Bu iki farklı tasarımı, “salt sanatsal” ve “bilimsel tabanlı sanatsal” olmak üzere adlandıracağımız iki gruba bölmüş olalım. Fakat şunu asla unutmamalıyız ki, salt sanatsal olmakla bilimsel tabanlı sanatsal olmak arasında, belki de hiç bir fark yoktur, bu farkı belki de tamamen yapay olarak ben var saymış olabilirim; çünkü her ikisinin de varlık bulduğu alan, doğanın bilimsel alanıdır. Öyle veya böyle, her ikisi de aynı bilimsel kökenden geliyor, aynı bilimi kullanıyorlar; dışavurumlarında (biçimlerinde / işlevselliklerinde...) bir farklılık vardır sadece.
İnsanoğlu, sadece eserlerini değil, yöntemlerini de kopyalar doğanın. Bundan sonra yazacaklarım, insanın kendisi ve eserleri ile ilgili olacak; doğayı anlamadan insanı anlamanın olanaksız olduğuna inandığım için, yukarıda yazdıklarımın da “gereksiz laflar” diye yorumlanmayacaklarına inanıyorum. Amacım, tasarım kavramına kendi özgün tarifini getirmek isteyeceklere yol arkadaşlığı yapmak; fikir satıcısı olmak değil.
Tasarım kavramı; birbirlerini sıra ile takip eden / birbirlerine bağımlı üç kademeli bir işlemin,
“hayal-projelendirme-üretim” zincirinin, beyindeki algılanma kalıbının ifadesidir. O bir pakettir,
bir bütündür; herhangi bir aşamasından koparılarak ele alınamaz. Bir nesneye uyarlanmadıkça anlam kazanamaz. “Nesneye uyarlanmak” mutlaka bir nesne yaratmak anlamını da getirmez;
“somuta geçmek / hayat bulmak” anlamını içerir. Sadece beyinde var olabilen, projelendirilemeyen düşünceler, fikirler de “tasarım” değildirler. Sıra ile bu üç aşamayı inceleyelim:

Tasarım Kavramında Birinci Aşama
Birinci aşama; insan beyninde bir algılama / salt sanatsal veya bilimsel tabanlı sanatsal bir kurgu /hayal / paylaşılmak-dışa vurulmak istenilen bir duygu / var olmasına ihtiyaç duyulan bir istek / bilimin, kullanılması için insanda yarattığı bir etki / hayatta kalabilmek veya hayatı kolaylaştırabilmek için üretilmesi gerektiğini insanın hissettiği bir nesne... aşamasıdır. Bir düşüncenin ürünü olan her somut şey, önce düşüncede var olur.

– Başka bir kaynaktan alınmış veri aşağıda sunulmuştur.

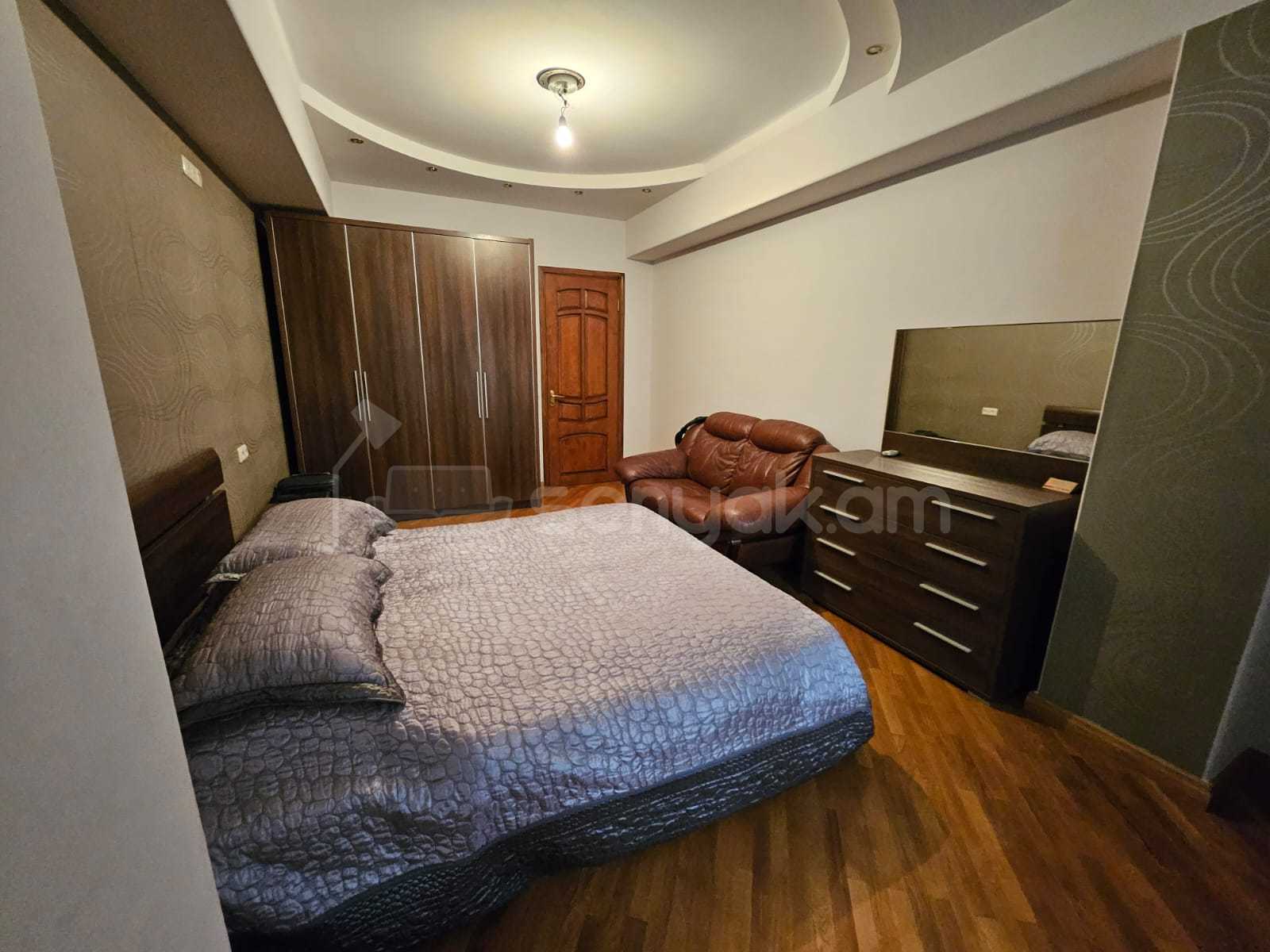 3 Սենյականոց Բնակարան, 90քմ, 3/9 հարկ, Դիզայներական Վերանորոգված, Կահավորված, Արևկող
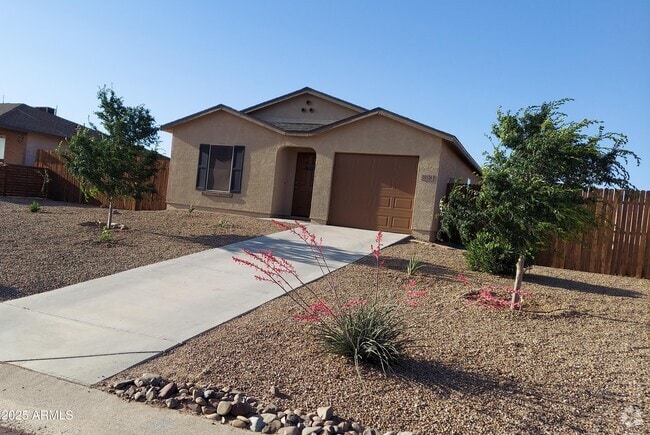 Building Photo - 10128 W Century Dr Rental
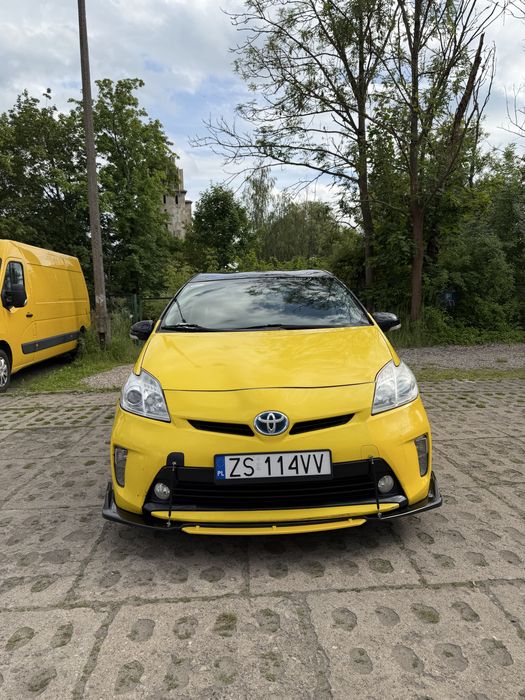 Toyota  Prius 30.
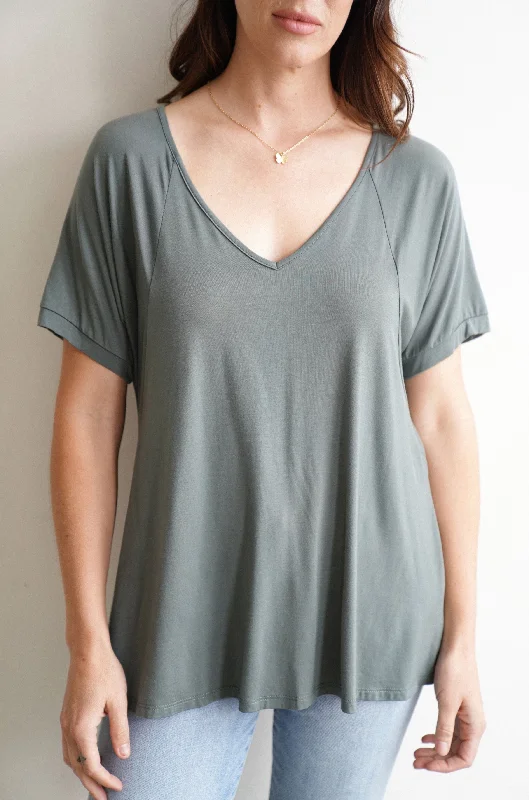 Light Olive / Large / Tee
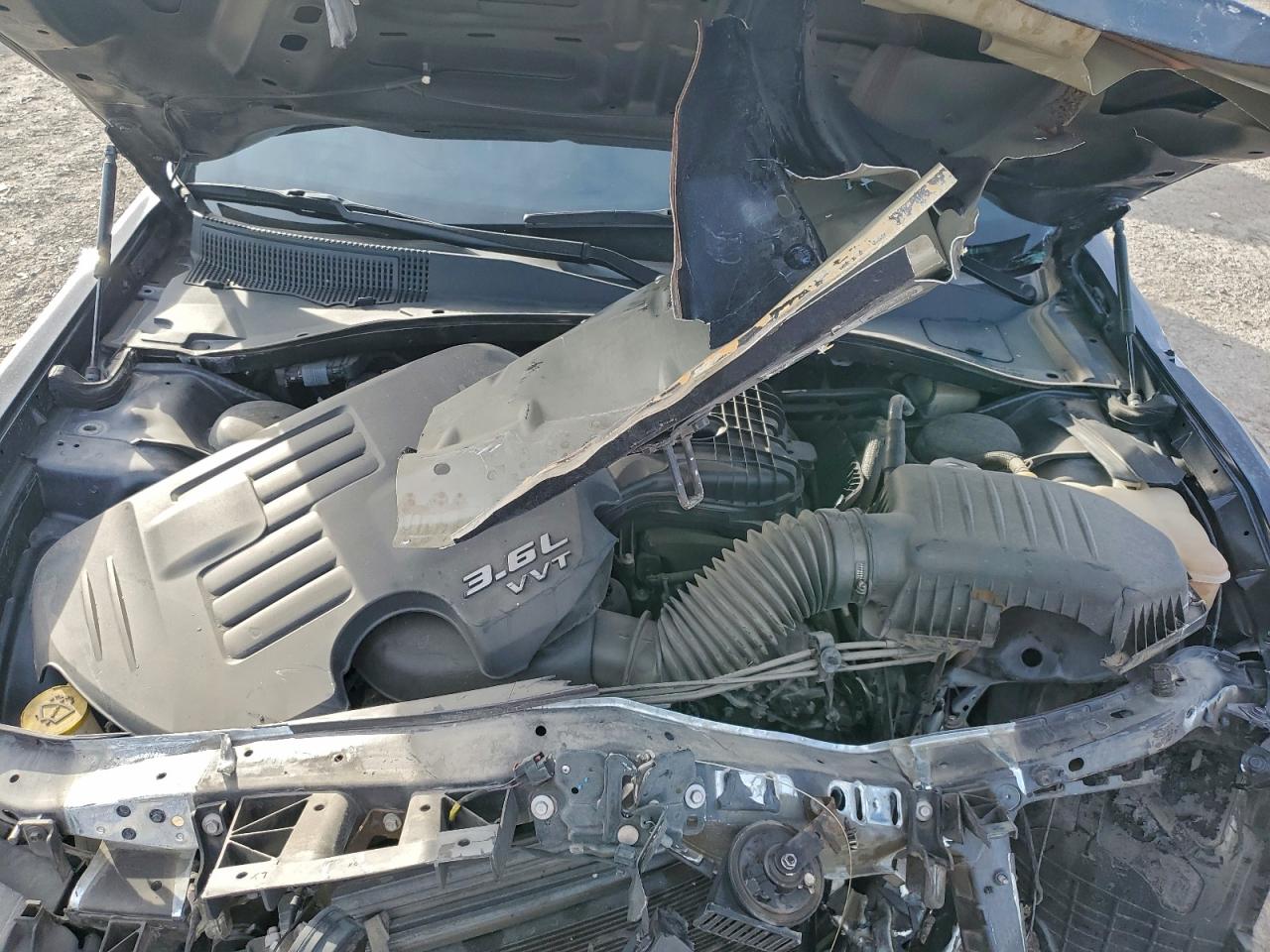 2019 Chrysler 300 S VIN: 2C3CCABG8KH573302 Lot: 94805985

Düşüncenin henüz üretmediği fakat kendi içinde yarattığı şey, tasarımdır ve soyuttur; henüz varolmamıştır fakat vardır !.. O bir ruhtur ve düşüncenin kendisini somuta üflemesini bekler. Bazı şeyleri, çok mükemmel görünmelerine rağmen beğenmez, para vermeye kıyamayız da olmadık şeylere dünyanın parasını verir, eve geldiğimizde kendimize de şaşarız. Bazen, başkalarının şaşkınlığa düştüğü basit şeyleri, en değerli parçamız olarak saklar, hatta sergileriz !.. Çoğu zaman onlar, anıların birer somut tabusu olmanın ötesinde, onu yaratan ruhun bizim ruhumuzla kurduğu frekansın objesel / nesnel birer simgesidirler, bilemeyiz. Öyle tasarımlar da vardır ki, fabrikalarda / atölyelerde üretilemezler de mesela bir şirkete yol gösterir veya bir komutana savaş kazandırırlar.
Tasarımın somuttaki ifadesi, salt bir nesne olmak zorunda değildir. Düşünce üretim merkezleri
(insanlar) arasında iletişim / etkileşim kurabilmek için çeşitli yol / yöntem / usul / nesneleri kullanan şiir / edebiyat / felsefe / matematik / müzik... gibi eylemler de tasarımın somuttaki ifadeleridirler. Tamamen bilimsel / teknolojik bir alan üzerinde kurgulanmış tasarım kıvılcımları, yaratıcısının öznel değerlerinden ( ruhundan / sanatsal yeteneklerinden ) herhangi bir değer taşımak keyfiyetinde olamaz ama içinde hayat bulduğu beynin (ruhun) öznel ve nesnel yetkinlik ve yeteneklerinden de ( örneğin: eğitim ve yaratıcılık) bağımsız olamaz. Bu bağlamda, bir laboratuarda çalışan bir kimya mühendisi bile bir tasarımcıdır; öncelikle “düşünme sanatını” icra ettiği için ve ikincil olarak da, diğerleriyle aynı yolu izlemediği için / kendi özgün araştırma yolunu çizdiği için.
“Konusunun beklentilerine uygun fakat prensip / disiplin / sistemlerine her zaman bağlı / uyarlı olmak zorunluluğu da olmayan (bazen tamamen aykırı)... her şey tasarımdır ve soyuttur.” şeklinde özetleyerek, tasarım kavramının birinci aşamasını böylece irdeledikten sonra; çok daha kolay anlaşılabilmesi ve ileri aşamalarda bize yol gösterebilmesi için, bu aşamayı üçe böleceğim:
Salt Sanatsal Tasarımlar: edebiyat / grafik sanatlar / tekstil / moda / resim ... gibi sanatlar.
Bilimsel Tabanlı Sanat Tasarımları: mimarlık ve endüstri ürünleri tasarımcılığı
Tamamen Bilimsel Tabanlı Tasarımlar: bütün mühendislik uğraşları.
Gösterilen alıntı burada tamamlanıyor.